UNITED STATES COURT OF APPEALS FOR THE FIFTH CIRCUIT
Jun 10, 2019
No. 18-11294 (5th Cir. Jun. 10, 2019)

Opinion

No. 18-11294

06-10-2019

HELEN RYERSON, Plaintiff - Appellant v. NANCY A. BERRYHILL, ACTING COMMISSIONER OF SOCIAL SECURITY, Defendant - Appellee


Summary Calendar Appeal from the United States District Court for the Northern District of Texas
USDC No. 3:15-CV-3509 Before JOLLY, COSTA, and HO, Circuit Judges. PER CURIAM:

Pursuant to 5TH CIR. R. 47.5, the court has determined that this opinion should not be published and is not precedent except under the limited circumstances set forth in 5TH CIR. R. 47.5.4.

I.

Helen Ryerson, a senior attorney with the Social Security Administration, has brought suit under Title VII and the Age Discrimination in Employment Act (ADEA). At the time she filed her complaint, Ryerson was represented by counsel. Her counsel, however, moved to withdraw part-way through discovery, citing disagreements about strategy and an overall breakdown in the attorney-client relationship. The magistrate judge held a hearing and granted the motion. It also entertained but ultimately denied Ryerson's motion to extend discovery in the wake of her counsel's withdrawal.

The parties both filed motions for summary judgment after the discovery period ended. In accordance with a previous order referring the case to the magistrate judge for pretrial management, the magistrate judge considered the motions. It issued a recommendation in favor of the government. It noted that many of Ryerson's claims were barred because they had not been timely presented to an EEO counselor as required under 42 U.S.C. § 2000e-16(c). See Green v. Brennan, 136 S. Ct. 1769, 1775 (2016). It also concluded that Ryerson's remaining claims were either not serious enough to constitute an adverse employment action or were not accompanied by enough evidence to raise an inference of discriminatory or retaliatory motive.

The district court accepted the magistrate judge's findings, conclusions, and recommendations over Ryerson's objections. It entered a final judgment in favor of the agency.

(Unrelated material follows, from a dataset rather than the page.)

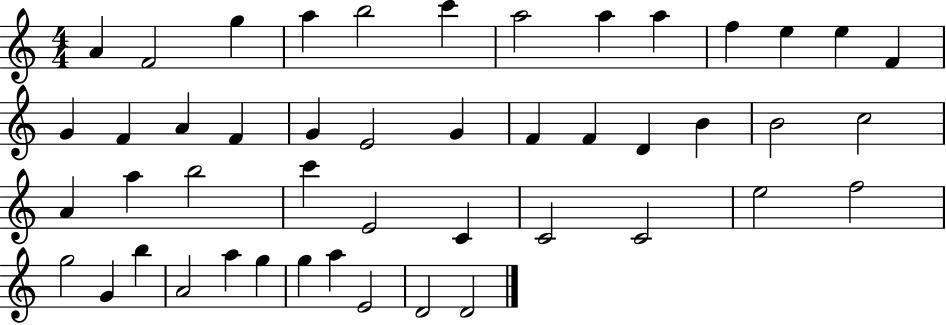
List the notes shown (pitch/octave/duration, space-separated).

A4/q F4/h G5/q A5/q B5/h C6/q A5/h A5/q A5/q F5/q E5/q E5/q F4/q G4/q F4/q A4/q F4/q G4/q E4/h G4/q F4/q F4/q D4/q B4/q B4/h C5/h A4/q A5/q B5/h C6/q E4/h C4/q C4/h C4/h E5/h F5/h G5/h G4/q B5/q A4/h A5/q G5/q G5/q A5/q E4/h D4/h D4/h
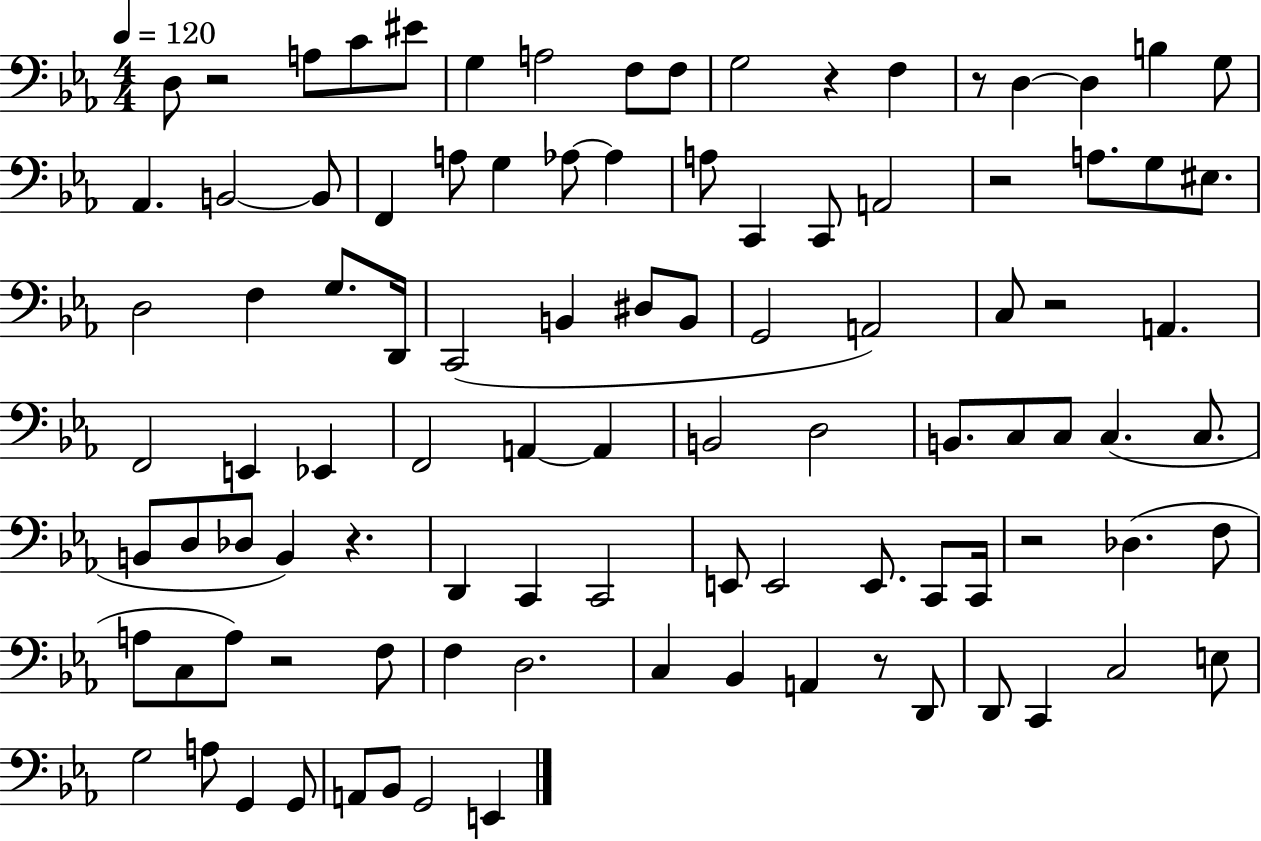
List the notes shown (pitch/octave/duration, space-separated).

D3/e R/h A3/e C4/e EIS4/e G3/q A3/h F3/e F3/e G3/h R/q F3/q R/e D3/q D3/q B3/q G3/e Ab2/q. B2/h B2/e F2/q A3/e G3/q Ab3/e Ab3/q A3/e C2/q C2/e A2/h R/h A3/e. G3/e EIS3/e. D3/h F3/q G3/e. D2/s C2/h B2/q D#3/e B2/e G2/h A2/h C3/e R/h A2/q. F2/h E2/q Eb2/q F2/h A2/q A2/q B2/h D3/h B2/e. C3/e C3/e C3/q. C3/e. B2/e D3/e Db3/e B2/q R/q. D2/q C2/q C2/h E2/e E2/h E2/e. C2/e C2/s R/h Db3/q. F3/e A3/e C3/e A3/e R/h F3/e F3/q D3/h. C3/q Bb2/q A2/q R/e D2/e D2/e C2/q C3/h E3/e G3/h A3/e G2/q G2/e A2/e Bb2/e G2/h E2/q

Ryerson subsequently appealed.

II.

The issues that Ryerson raises can be grouped into two basic categories.

A.

First, Ryerson protests the magistrate judge's decision to accept her counsel's withdrawal without granting an extension for discovery. She claims that the decision was not only motivated by racial bias on the part of the magistrate judge but that the decision also violated her due process rights. Accordingly, she argues that the district court abused its discretion when it overruled Ryerson's objections to the magistrate judge's rulings and failed to disqualify or recuse the judge. See Andrade v. Chojnacki, 338 F.3d 448, 454 (5th Cir. 2003) (reviewing denials of motion to recuse under an abuse of discretion standard); In re Deepwater Horizon, 907 F.3d 232, 234 (5th Cir. 2018) (per curiam) (reviewing matters of docket management under an abuse of discretion standard).

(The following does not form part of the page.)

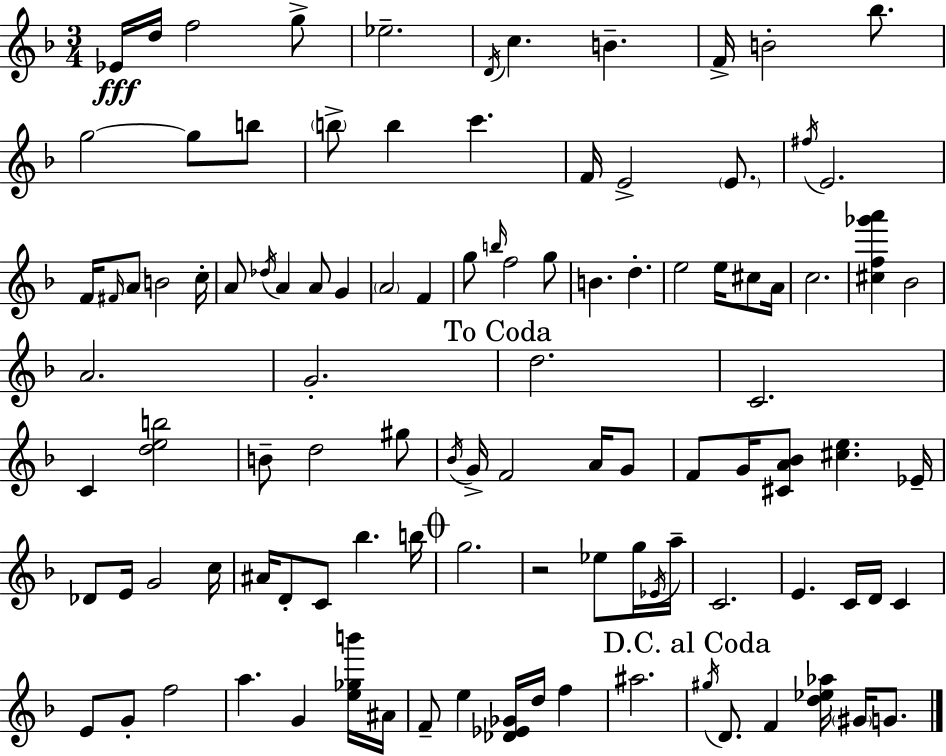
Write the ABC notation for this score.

We disagree. We find no evidence that the district court abused its discretion either procedurally or substantively.

In evaluating a motion to withdraw, the district court has an obligation to assure itself "that the prosecution of the lawsuit before it is not disrupted by the withdrawal of counsel, and that the withdrawal of counsel is for good cause." Broughten v. Voss, 634 F.2d 880, 882-83 (5th Cir. 1981). Both the district court and the magistrate judge satisfied that obligation. The magistrate judge considered Ryerson's response to counsel's motion before allowing the withdrawal. And the magistrate judge specifically asked Ryerson why she thought that the four months of remaining discovery was not sufficient time if counsel withdrew. It was only after this back and forth that the magistrate judge declined to extend the discovery period.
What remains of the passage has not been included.